START Provided information

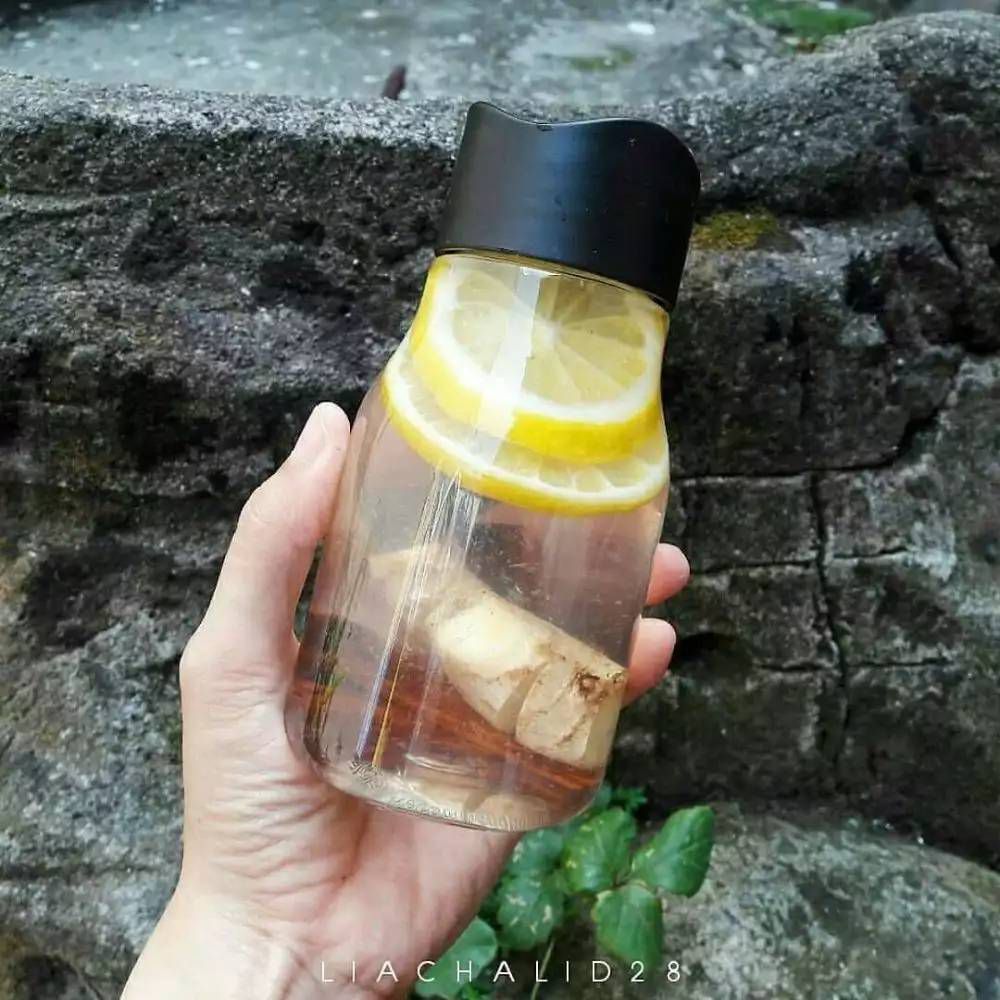 Cara Membuat Infused Water Lemon Kayu Manis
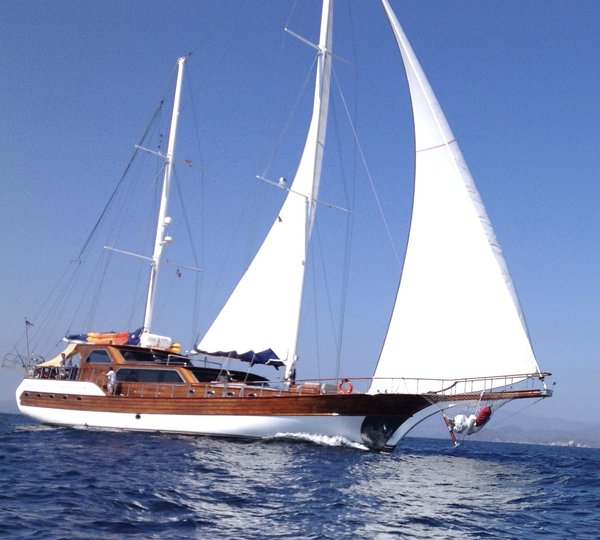 MY BESAME MUCHO - 001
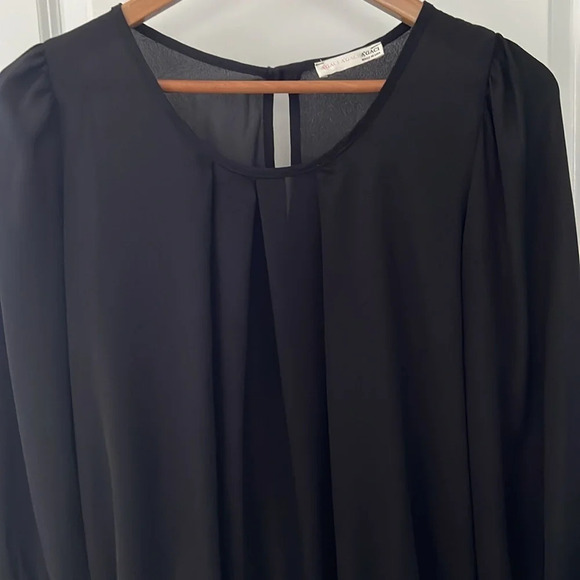 black Top with sheer sleeves A’gaci - Picture 8 of 9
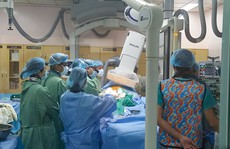 Chạy đua cứu 1 người bỗng nhiên chảy máu ồ ạt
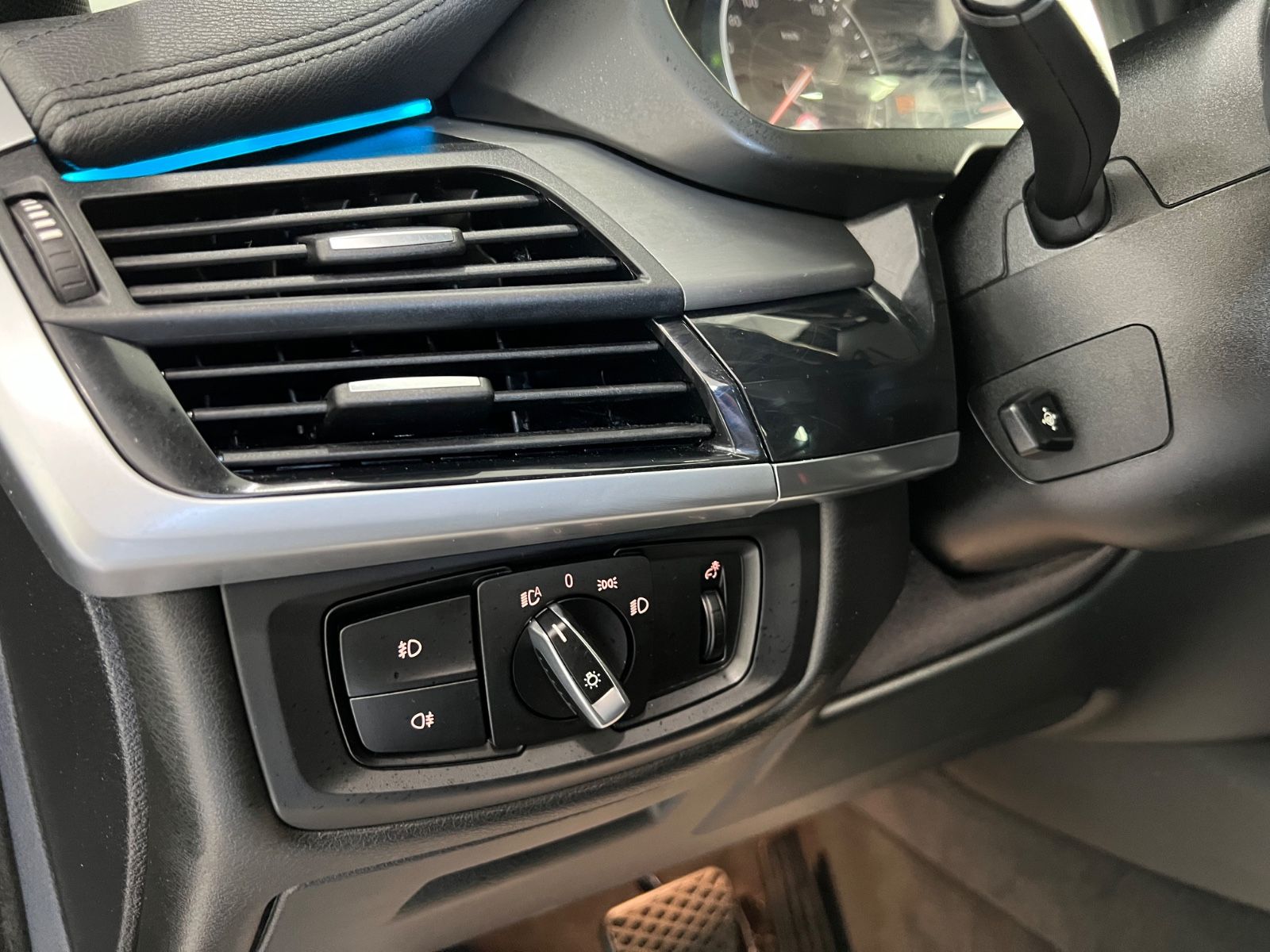 Fahrzeugabbildung BMW X6 xDrive 30 d M Sport Paket *4xSitzh*Head-Up*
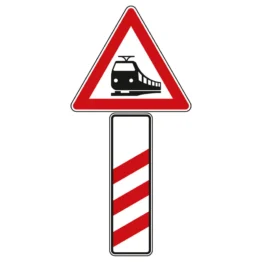Verkehrszeichen StVO - Verkehrsschild Bahnübergang mit dreistreifiger Bake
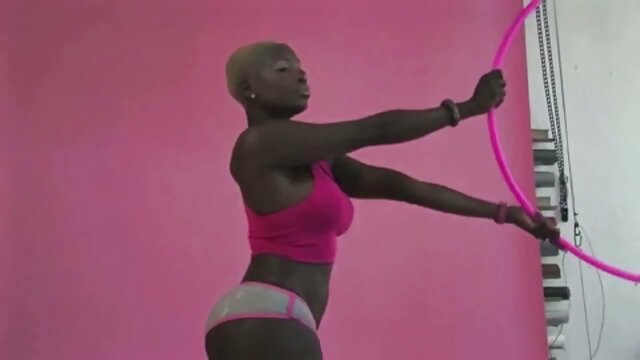 Teman seorang pria fucked wanita hamil di mulut, dan menjilat Vagina a video xxx terbaru 2019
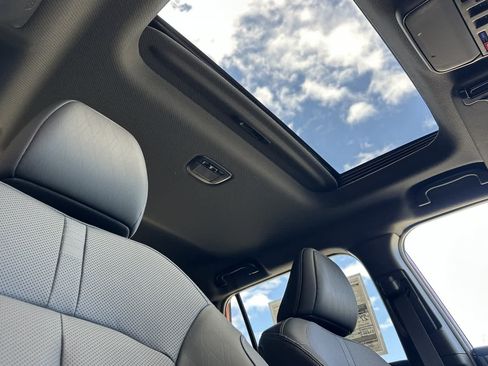 New 2026 Subaru Outback Touring AWD/4WD image 18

END Provided information

#### What is expected
Make an exact copy of the records shown above, without the pictures.

#### Output of the exercise
 Cara Membuat Infused Water Lemon Kayu Manis
 MY BESAME MUCHO - 001
 black Top with sheer sleeves A’gaci - Picture 8 of 9
 Chạy đua cứu 1 người bỗng nhiên chảy máu ồ ạt
 Fahrzeugabbildung BMW X6 xDrive 30 d M Sport Paket *4xSitzh*Head-Up*
Verkehrszeichen StVO - Verkehrsschild Bahnübergang mit dreistreifiger Bake
 Teman seorang pria fucked wanita hamil di mulut, dan menjilat Vagina a video xxx terbaru 2019
 New 2026 Subaru Outback Touring AWD/4WD image 18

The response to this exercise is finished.